RECORDS PROVIDED Start Marker

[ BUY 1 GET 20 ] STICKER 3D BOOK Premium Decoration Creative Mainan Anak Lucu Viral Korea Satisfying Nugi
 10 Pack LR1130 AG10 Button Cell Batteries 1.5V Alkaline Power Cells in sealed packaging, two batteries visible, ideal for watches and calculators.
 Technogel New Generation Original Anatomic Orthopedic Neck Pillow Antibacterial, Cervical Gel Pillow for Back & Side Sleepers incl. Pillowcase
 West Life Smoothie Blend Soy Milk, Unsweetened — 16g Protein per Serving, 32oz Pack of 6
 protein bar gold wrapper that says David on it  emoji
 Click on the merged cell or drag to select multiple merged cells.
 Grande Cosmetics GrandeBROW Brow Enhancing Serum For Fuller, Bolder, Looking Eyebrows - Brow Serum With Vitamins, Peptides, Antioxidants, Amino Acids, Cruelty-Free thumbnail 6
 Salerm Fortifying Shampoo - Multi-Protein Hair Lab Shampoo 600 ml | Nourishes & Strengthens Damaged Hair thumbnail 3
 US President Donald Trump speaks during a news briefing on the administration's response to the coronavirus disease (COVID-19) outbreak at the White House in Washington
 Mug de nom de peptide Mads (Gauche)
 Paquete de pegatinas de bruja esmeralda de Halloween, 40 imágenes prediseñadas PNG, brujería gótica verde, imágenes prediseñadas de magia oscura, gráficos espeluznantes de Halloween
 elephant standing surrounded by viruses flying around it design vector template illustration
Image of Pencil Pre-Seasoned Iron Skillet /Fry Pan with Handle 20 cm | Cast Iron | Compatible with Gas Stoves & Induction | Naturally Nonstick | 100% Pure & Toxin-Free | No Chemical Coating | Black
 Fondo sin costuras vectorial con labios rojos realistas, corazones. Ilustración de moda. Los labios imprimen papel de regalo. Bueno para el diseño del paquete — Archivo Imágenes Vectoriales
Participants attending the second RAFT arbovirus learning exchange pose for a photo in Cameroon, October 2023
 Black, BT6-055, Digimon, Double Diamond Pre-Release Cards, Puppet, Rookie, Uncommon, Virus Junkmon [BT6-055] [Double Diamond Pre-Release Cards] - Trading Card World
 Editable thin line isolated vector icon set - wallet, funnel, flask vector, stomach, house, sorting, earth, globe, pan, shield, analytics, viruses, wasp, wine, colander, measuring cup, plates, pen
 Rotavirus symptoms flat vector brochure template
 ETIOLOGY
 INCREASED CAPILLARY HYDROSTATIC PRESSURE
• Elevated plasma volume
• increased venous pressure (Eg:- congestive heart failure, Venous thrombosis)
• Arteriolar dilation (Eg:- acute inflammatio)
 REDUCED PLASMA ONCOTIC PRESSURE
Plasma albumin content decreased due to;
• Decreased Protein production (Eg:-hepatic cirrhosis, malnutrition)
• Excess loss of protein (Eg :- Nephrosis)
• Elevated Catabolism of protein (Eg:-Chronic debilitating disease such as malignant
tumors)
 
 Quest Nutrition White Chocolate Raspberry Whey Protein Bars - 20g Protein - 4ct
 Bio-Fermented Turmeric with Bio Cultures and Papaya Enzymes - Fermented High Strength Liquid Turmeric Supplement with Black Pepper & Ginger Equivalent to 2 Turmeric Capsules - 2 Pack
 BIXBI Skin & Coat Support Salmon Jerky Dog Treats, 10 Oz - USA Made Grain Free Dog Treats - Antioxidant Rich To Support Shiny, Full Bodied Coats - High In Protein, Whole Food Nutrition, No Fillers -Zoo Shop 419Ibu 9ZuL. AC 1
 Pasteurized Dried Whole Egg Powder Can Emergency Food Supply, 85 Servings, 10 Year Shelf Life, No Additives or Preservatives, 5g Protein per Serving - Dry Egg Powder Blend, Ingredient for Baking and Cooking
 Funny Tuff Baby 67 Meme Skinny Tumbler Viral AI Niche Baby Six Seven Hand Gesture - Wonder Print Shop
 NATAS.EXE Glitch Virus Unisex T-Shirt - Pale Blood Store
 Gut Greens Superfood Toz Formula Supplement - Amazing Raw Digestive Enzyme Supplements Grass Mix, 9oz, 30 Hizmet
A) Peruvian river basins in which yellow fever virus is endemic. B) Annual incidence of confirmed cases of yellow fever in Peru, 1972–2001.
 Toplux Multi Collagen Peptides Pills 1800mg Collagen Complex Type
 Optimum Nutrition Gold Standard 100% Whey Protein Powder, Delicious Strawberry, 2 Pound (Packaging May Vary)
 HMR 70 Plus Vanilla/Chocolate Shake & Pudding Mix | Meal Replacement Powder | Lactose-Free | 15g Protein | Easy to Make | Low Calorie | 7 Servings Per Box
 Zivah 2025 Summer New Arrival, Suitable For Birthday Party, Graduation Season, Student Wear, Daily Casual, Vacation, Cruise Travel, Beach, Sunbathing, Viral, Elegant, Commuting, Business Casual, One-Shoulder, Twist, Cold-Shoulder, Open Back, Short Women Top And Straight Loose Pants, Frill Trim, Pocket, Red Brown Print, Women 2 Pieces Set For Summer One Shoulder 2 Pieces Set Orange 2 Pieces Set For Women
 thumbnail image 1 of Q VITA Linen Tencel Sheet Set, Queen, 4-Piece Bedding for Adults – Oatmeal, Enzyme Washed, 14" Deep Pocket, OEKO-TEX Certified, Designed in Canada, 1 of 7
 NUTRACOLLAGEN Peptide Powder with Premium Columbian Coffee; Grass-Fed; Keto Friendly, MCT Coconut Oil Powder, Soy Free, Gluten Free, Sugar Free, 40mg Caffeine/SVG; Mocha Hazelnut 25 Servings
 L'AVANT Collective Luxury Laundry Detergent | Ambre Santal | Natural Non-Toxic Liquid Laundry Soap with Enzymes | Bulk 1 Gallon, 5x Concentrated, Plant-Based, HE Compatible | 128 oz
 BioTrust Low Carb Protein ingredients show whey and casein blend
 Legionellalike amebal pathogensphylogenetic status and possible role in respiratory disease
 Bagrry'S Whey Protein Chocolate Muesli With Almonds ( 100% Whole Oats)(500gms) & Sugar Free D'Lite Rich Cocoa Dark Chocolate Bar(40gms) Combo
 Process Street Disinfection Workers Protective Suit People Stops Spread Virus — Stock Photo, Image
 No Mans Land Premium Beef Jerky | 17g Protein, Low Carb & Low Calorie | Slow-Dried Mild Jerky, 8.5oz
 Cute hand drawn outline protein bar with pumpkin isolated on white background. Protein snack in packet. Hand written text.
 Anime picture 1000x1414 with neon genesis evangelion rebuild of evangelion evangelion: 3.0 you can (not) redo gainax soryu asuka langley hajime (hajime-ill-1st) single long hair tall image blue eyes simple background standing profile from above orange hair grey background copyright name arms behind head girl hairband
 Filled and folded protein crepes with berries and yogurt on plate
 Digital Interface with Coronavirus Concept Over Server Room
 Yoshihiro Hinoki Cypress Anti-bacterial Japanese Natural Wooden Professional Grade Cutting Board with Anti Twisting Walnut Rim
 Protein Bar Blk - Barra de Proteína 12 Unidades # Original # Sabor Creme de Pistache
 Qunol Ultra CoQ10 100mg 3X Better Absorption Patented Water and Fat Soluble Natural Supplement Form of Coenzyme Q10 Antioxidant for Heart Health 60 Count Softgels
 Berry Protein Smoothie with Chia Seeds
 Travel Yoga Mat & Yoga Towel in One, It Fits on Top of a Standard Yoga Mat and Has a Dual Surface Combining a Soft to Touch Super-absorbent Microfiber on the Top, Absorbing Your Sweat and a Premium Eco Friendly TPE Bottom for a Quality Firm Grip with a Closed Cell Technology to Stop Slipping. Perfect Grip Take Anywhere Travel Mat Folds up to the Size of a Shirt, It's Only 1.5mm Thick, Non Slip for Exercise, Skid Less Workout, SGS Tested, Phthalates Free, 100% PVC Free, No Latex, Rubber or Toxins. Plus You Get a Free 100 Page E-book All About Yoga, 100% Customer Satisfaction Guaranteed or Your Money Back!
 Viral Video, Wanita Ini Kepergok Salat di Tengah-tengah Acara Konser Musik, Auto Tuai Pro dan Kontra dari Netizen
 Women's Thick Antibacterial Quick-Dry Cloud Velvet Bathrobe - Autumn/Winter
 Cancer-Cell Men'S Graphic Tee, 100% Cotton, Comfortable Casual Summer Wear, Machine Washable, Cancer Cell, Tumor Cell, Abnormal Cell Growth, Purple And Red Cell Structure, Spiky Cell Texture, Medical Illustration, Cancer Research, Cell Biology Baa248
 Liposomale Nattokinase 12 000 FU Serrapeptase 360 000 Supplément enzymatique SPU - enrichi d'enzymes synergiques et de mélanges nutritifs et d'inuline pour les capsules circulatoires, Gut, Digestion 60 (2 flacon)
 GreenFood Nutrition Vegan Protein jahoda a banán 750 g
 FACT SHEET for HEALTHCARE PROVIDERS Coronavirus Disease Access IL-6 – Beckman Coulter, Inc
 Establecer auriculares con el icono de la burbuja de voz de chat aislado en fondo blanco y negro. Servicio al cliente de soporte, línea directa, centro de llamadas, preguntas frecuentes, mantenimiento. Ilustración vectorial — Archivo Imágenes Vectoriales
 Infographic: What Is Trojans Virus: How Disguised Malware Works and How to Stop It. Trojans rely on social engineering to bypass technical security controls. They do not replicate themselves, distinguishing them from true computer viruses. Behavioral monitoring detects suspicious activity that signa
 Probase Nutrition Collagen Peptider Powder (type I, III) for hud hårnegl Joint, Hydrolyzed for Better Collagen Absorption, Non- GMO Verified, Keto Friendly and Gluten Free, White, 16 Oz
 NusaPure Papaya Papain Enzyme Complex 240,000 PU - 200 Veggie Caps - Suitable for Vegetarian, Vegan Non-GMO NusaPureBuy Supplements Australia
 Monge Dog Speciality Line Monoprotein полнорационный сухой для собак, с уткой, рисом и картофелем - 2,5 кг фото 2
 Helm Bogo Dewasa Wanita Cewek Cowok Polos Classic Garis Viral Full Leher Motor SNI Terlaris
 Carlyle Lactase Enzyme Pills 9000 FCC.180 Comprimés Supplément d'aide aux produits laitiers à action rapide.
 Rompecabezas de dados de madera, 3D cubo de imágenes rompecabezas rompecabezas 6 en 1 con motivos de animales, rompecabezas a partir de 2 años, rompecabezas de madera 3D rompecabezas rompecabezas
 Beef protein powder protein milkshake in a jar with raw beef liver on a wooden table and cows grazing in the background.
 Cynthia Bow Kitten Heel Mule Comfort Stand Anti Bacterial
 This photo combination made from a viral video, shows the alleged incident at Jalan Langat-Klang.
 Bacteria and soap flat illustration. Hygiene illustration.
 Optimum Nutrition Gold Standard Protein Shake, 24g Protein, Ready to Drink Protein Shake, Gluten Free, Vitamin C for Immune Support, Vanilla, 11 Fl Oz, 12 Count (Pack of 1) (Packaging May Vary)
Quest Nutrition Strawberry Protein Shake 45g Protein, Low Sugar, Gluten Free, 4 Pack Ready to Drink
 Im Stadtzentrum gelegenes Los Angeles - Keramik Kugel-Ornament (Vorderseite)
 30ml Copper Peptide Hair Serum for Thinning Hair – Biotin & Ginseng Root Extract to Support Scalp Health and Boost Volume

RECORDS PROVIDED End Marker

> AIM OF THE EXERCISE
Looking at the entries above, find how many lines include the word "Grass" and write that number alone.

> SOLUTION TO THE PROBLEM
2